Start of Block
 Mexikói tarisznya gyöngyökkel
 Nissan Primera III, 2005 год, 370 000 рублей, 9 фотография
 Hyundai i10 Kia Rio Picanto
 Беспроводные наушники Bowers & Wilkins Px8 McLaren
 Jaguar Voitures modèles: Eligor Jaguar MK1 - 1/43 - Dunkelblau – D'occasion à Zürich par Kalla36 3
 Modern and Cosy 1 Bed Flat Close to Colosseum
End of Block
TASK PROMPT:
Transcribe the material exactly, stopping after the "Jaguar Voitures modèles: Eligor" line.

EXERCISE ANSWER:
 Mexikói tarisznya gyöngyökkel
 Nissan Primera III, 2005 год, 370 000 рублей, 9 фотография
 Hyundai i10 Kia Rio Picanto
 Беспроводные наушники Bowers & Wilkins Px8 McLaren
 Jaguar Voitures modèles: Eligor Jaguar MK1 - 1/43 - Dunkelblau – D'occasion à Zürich par Kalla36 3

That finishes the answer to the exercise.